Waiting for the CP train from Porto to Fungalvaz. A ragged man gave us advice on which platform to stand on, before he completely disappeared from the train station. Slightly tinted windows bathe sepia light in the train carriage. They’re not too busy, carriages populated by silent unnamed NPC characters in a video game. Trains were always on time and the guards helpful. It’s a relaxing way to get around here. Chlo dropped her bike off the train onto the platform and punctured immediately on the platform edge.
We cycled from Fungalvaz to the first campsite of this leg: camping redondo (English). On the way went through Tomar. Great roads, viaduct, satsumas.

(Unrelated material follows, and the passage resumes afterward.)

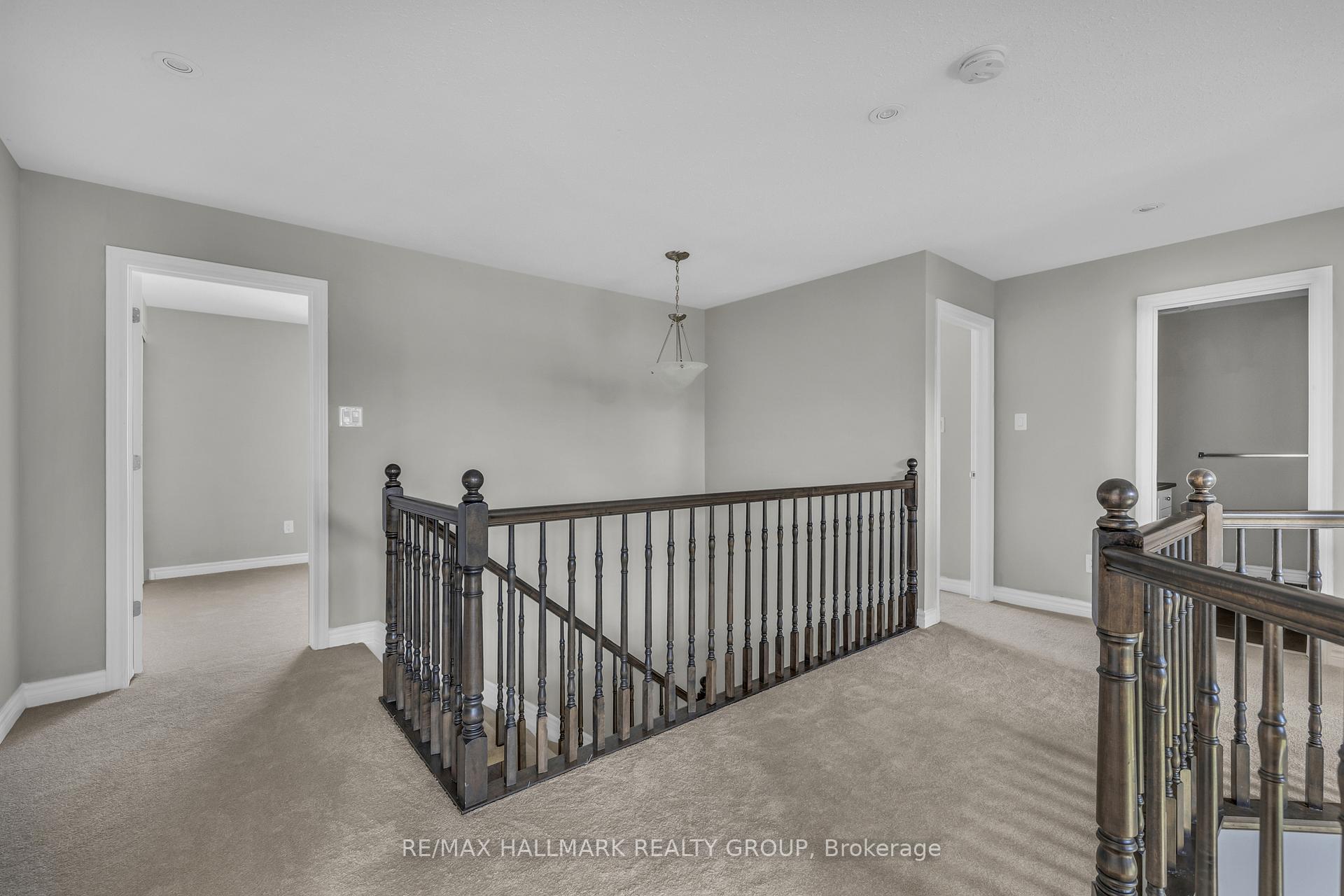 Photo 24 of 254 Terrapin Terrace, Ottawa, Avalon East — HOMEH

Day 2 and we were properly into the riding. It felt great to be away from the coast, away from the city. Descending dodging a storm, over Albufeira de Castelo do Bode. We took the N2 as far as Vila de reí – expecting a legendary cycle route but finding a grim dual carriageway. Truck horns blared us off the road. Sidestepped our way to Abrantes with low hopes for the campsite, we thought it was just a play park. Parque Tejo turned out great – a science park cum architectural campsite. We had kebab dinner. Tried to eat at a good lookin’ chicken place but it was closed.
The following morning I ran to the top of the highest hill I could see. Chlo had a lie in. Set our course for Montargil vía last night’s closed piri piri Chicken place, sat down by a main road and lunched in the best chicken we’ve ever had. Planned a ‘mostly’ off road route, but couldn’t take a few of the paths due to artillery, also unsure of the hunting rules. Discovered acres of cork and olive forests. Tapped it out on road, long day and we felt the first chill of cold. Arrived to empty campsite.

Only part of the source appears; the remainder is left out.